Following is a list of common or notable faux pas in various cultures.

Arab Countries

  • Displaying the soles of your feet or touching somebody with your shoes.
  • Eating with your left hand. Throughout most of the Middle East the left hand is reserved for bodily hygiene and considered unclean. Thus, the right hand should be used for eating.

Australia, New Zealand

  • Confusing Australians with New Zealanders. The mistake will generally be taken in good humor, providing an apology is given.
  • Many of the faux pas of The United States of America and The United Kingdom are also considered faux pas in Australasian countries, particularly Australia and New Zealand.
  • In the Maori community of New Zealand, it is a faux pas not to remove one’s shoes when entering a Maori sacred building, such as a marae. In the dominant European community not removing shoes when entering a building is not a faux pas, therefore Europeans can sometimes forget to observe this tradition. This can offend Maori and sometimes cause tension.
  • Sitting on or resting one’s backside against a table or desk can also offend Maori. The desk-top is where one focuses one’s mind, so should not be touched by the ‘dirty’ nether regions.

China, Taiwan

The following faux pas are derived from Mandarin pronunciations and they may also apply in other Chinese-speaking areas:

  • Giving someone a timepiece, such as a clock or a watch, as a gift is a very unlucky faux pas. Traditional superstitions regard this as counting the seconds to the recipient’s death. Another common interpretation of this is that the phrase “to gift a clock” in Chinese is pronounced “sòng zhōng” in Mandarin, which is a homophone of a phrase for “terminating” or “attending a funeral”. Cantonese people consider such gift as a curse.
  • Giving someone a fan or an umbrella as a gift is frequently unfriendly. The words fan “shàn” and umbrella “sǎn” sounds like the word “sàn”, meaning scatter or to loose. “sàn kāi” means to split up. Traditionally, the bride gives her parents a fan, symbolizing that she is leaving them for her husband. (Chinese society is traditionally paternal.)
  • Sharing a pear with your loved ones is unlucky. “Sharing a pear” is a homophone of “separate”, both pronounced “fēnlí” in Mandarin. Sharing with distant friends is okay.

Other faux pas:

  • At a dinner table, always serve the oldest person at the table first. If you do not know their age, serve the guest first. It is very important to show respect to the elders.
  • Sticking your chopsticks into your rice and leave them standing there is a very unlucky faux pas. This looks like sticks of incense in a bowl used to honor dead ancestors, and such a symbol of death is extremely offensive at the dinner table. In Cantonese funeral tradition, a pair of chopsticks is used to stick a salt-preserved duck egg into a bowl of rice on the altar as an offering to the deceased.
  • Attending a Cantonese wedding while you are still in mourning for a death in the family is unlucky. It is believed to bring bad luck to the marrying couple.
  • Calling elderly relatives, including uncles and aunts, whether by blood or by marriage, by their given names is an impolite faux pas. (In ancient imperial China, it was even a serious crime to say or write an emperor’s given name. This has customarily made calling elderly relatives by their given names impolite.
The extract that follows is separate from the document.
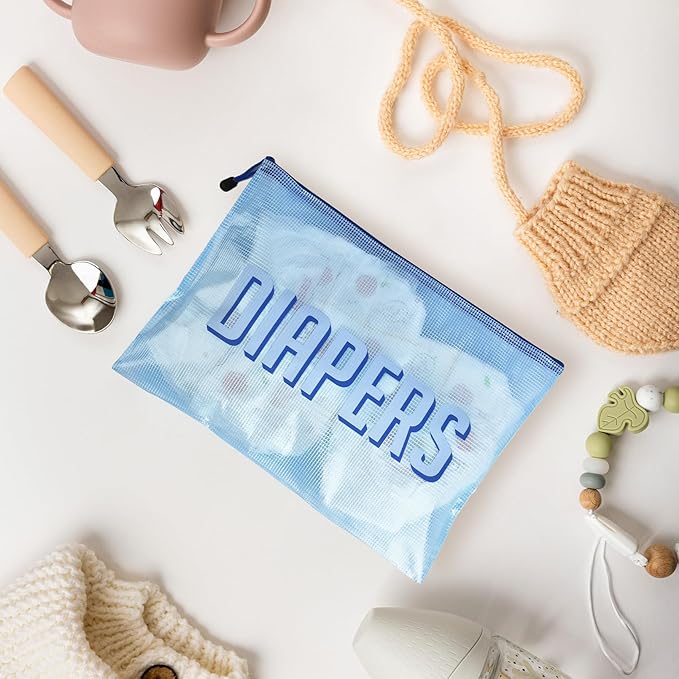 3pcs Hospital Bag Organizing Pouches for Labor and Delivery, Maternity Essentials Diaper Bag Organizer for Mom Travel (Blue, Large)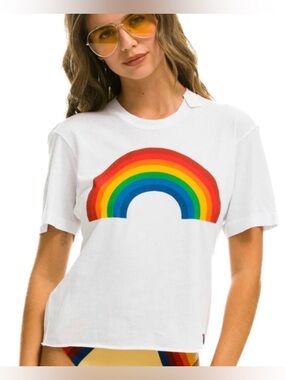 Aviator Nation Big Rainbow Boyfriend Tee Medium White Beachy Retro Crop Surfer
  • Not taking your shoes off when you enter someone’s home.
  • Being late. The Nordic countries are unusually punctual, with meetings, events, and public transport usually happen on time.
  • Placing a phone call to somebody after 10PM / 22:00.
  • Talking too much. Finns are not uncomfortable with silent pauses in conversations; thus, cultural misunderstandings may happen when, for example, a British or American is trying to be friendly by constantly making small talk and a Finn is trying to be friendly by being silent.
  • Calling Finland a Scandinavian country as they consider it a Nordic country.
  • Refusing to have a sauna while being a guest.


Language and communication:

  • Addressing people with the familiar “tu” (like in Middle English: thou) when they should be addressed with “vous” (you) is seen as derogatory, insulting, or even aggressive. Conversely, addressing familiars with “vous” is considered snobbish and introduces distance.
  • Talking about money, earning, social position, religion, politics, or war. These are topics that are to be avoided during the beginning of a conversation.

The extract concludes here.